By SUZANNE DOWNING
Jan. 27, 2026 – Minneapolis Mayor Jacob Frey is one of the clearest real-world examples of what ranked-choice voting produces in modern American politics.
Frey was elected to all three of his terms as mayor of Minneapolis under ranked-choice voting, the voting system that Alaskans approved of in 2020 for all state and federal elections, and which Alaskans are trying to repeal.
Minneapolis has used it for municipal elections since 2009. Frey’s political survival, even through repeated national controversies, has been made possible not by majority first-choice support, but by redistributed preferences in multi-round tabulations.
Frey first won the mayoralty in 2017 after multiple rounds of ranked tabulation. He was re-elected in 2021 after two rounds. Most recently, he secured a third term on Nov. 4, again through ranked-choice redistribution rather than first-round majority support.
In the 2025 election, Frey received approximately 41.7% of first-choice votes (61,444 ballots). No candidate reached the 50% threshold in the first round. After second-choice votes were redistributed, Frey reached 50.03% (73,723 votes) and won re-election.
In all three races, Frey failed to win an outright first-round majority. Each victory depended on the ranked-choice system reallocating votes from eliminated candidates — a structure that allows candidates to win without being the top choice of most voters, so long as they remain acceptable to enough secondary blocs.
Frey’s tenure has been shaped less by stability than by recurring political and civic upheaval, beginning with the 2020 George Floyd unrest.
During the protests and riots that followed Floyd’s death, Frey became a national figure amid a series of highly visible controversies. On May 28, 2020, Frey approved the evacuation of the Minneapolis Police Department’s 3rd Precinct station as unrest escalated. The building was later overrun and burned, after he had surrendered public infrastructure to rioters.
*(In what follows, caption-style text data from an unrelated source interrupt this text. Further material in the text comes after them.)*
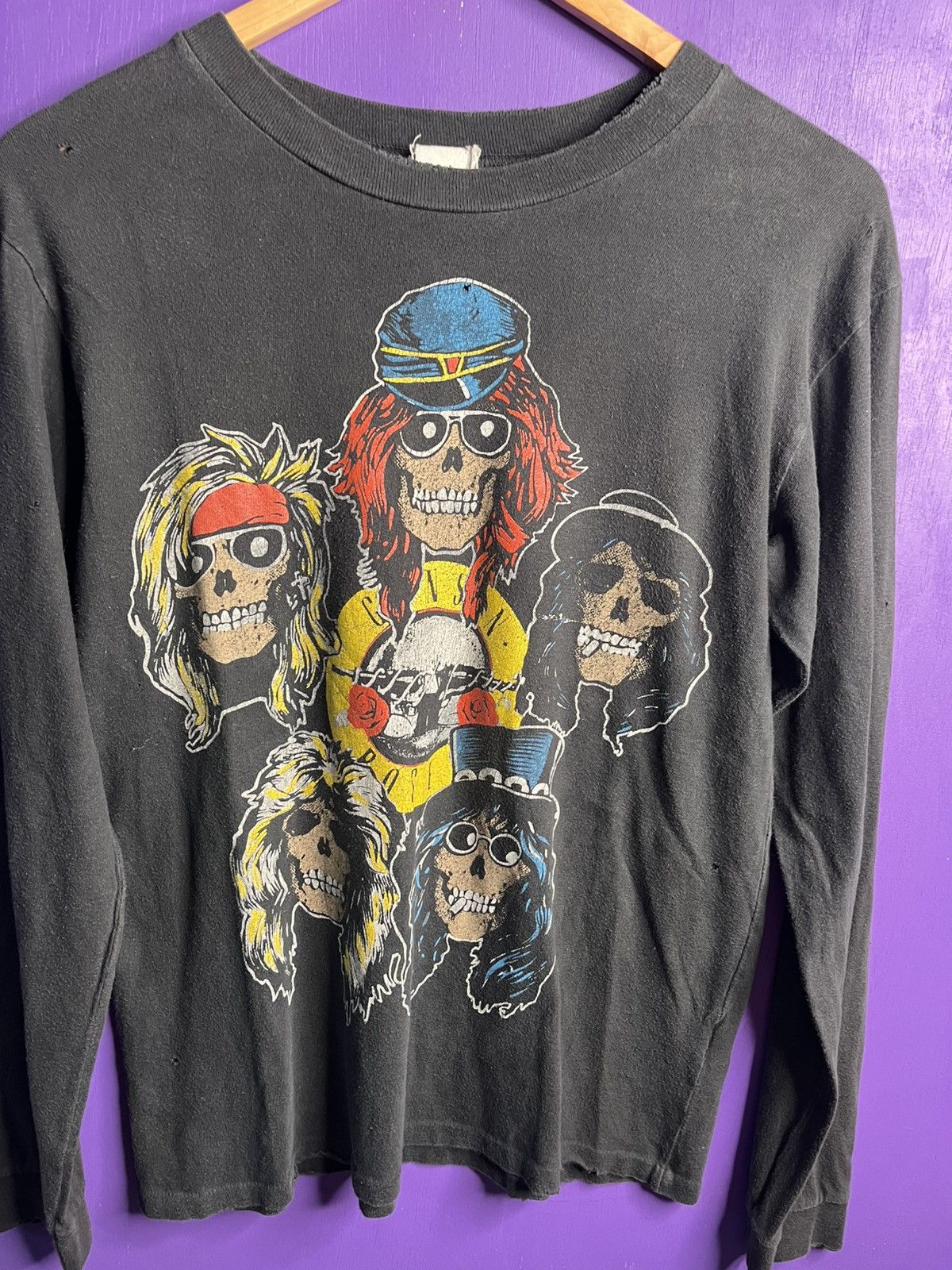 Band Tees × MadeWorn Vintage 70s Style Madeworn Guns N’ Roses long-sleeve Size US S / EU 44-46 / 1 - 3 Thumbnail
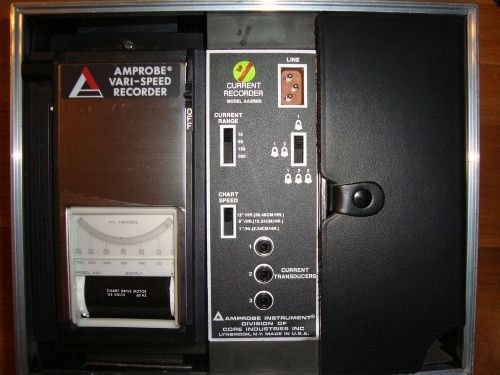 Amprobe 3-phase 300 amp polyphase wind power generator chart recorder nos mint for sale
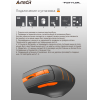 Мышь A4Tech Fstyler FG30 серый/оранжевый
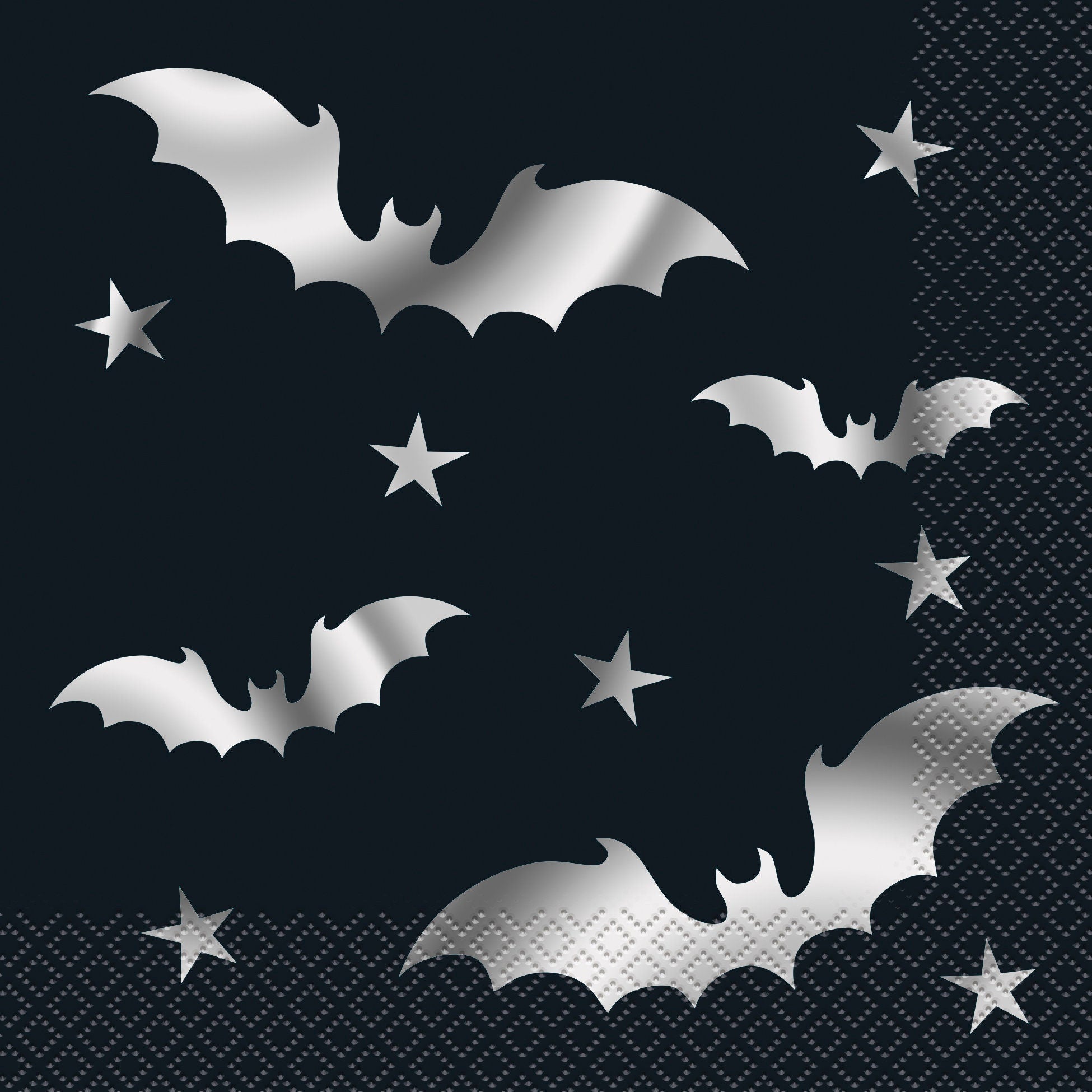 Silver Bat Halloween Paper Napkins 20ct - Stesha Party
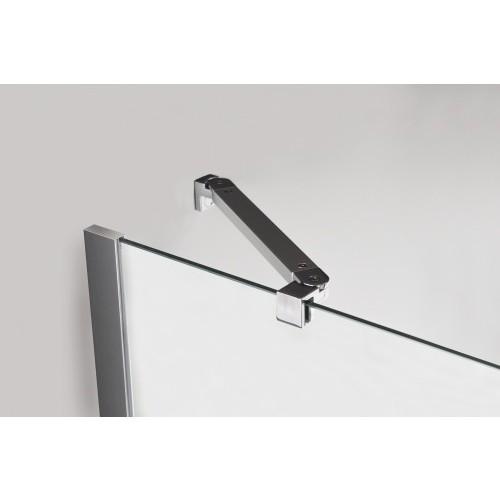 ÉQUERRE D'ANGLE POUR PAROIS DE DOUCHE 5 - 6 ET 8 MM LEDA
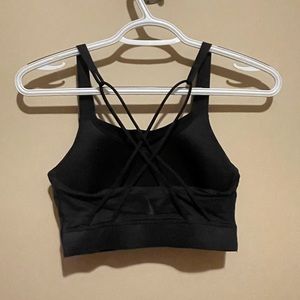Nike Dri-fit sports bra, black, strappy back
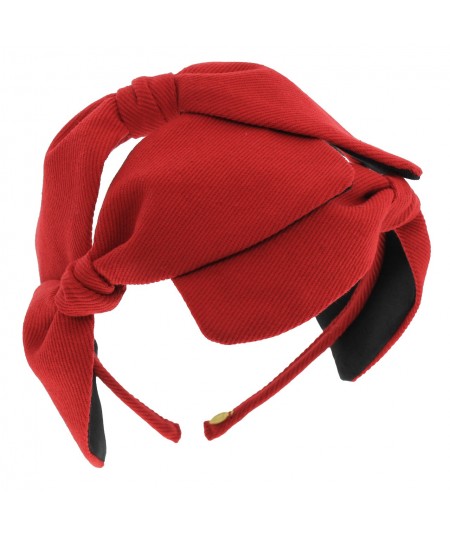 Red 1950s style Bow Headpiece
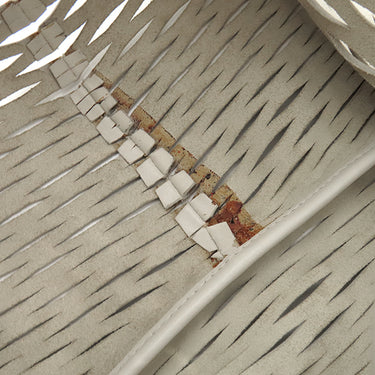 マルニ MARNI メッシュ トート ホワイト×ブラック レザー ショルダーバッグ ゴールド金具 白 ハンドバッグ 肩掛け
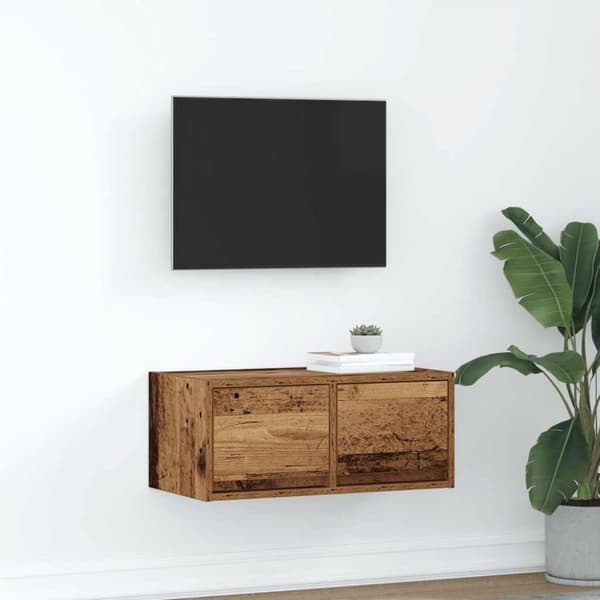 TV-bänk gammalt trä 60x31x25,5 cm konstruerat trä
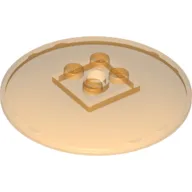 Dish 6 x 6 Inverted (Radar) with Solid Studs / Trans-Orange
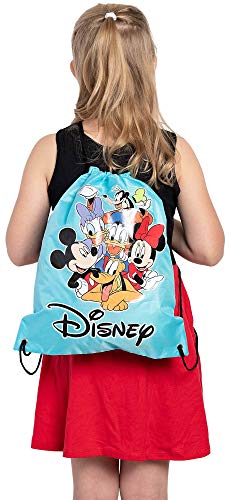 Disney Tote 15" Sling Bag Mickey Mouse Minnie Donald Daisy Goofy Pluto Print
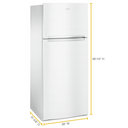 Whirlpool® 28-inch Wide Refrigerator Compatible With The EZ Connect Icemaker Kit – 18 Cu. Ft. WRT518SZFW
A 2022 independent review concluded that the city failed to fully activate its emergency operations framework during the initial days of unrest, contributing to poor coordination, communication failures, and uneven response. The report cited leadership breakdowns at the top of city government.
Frey faced criticism from the political right for failing to restore order quickly, and from the left for resisting radical restructuring of policing — leaving him politically isolated between ideological factions.
Yet Frey remained in office, protected by a political system that rewards coalition survivability more than majority consensus.
In 2026, Frey again is in the national spotlight, this time over immigration enforcement.
Amid federal ICE operations under the Trump administration, Minneapolis is now a focal point of protests, unrest, and national attention following fatal shootings involving federal agents and violent rioters Renee Nicole Good (Jan. 7) and Alex Pretti (Jan. 24).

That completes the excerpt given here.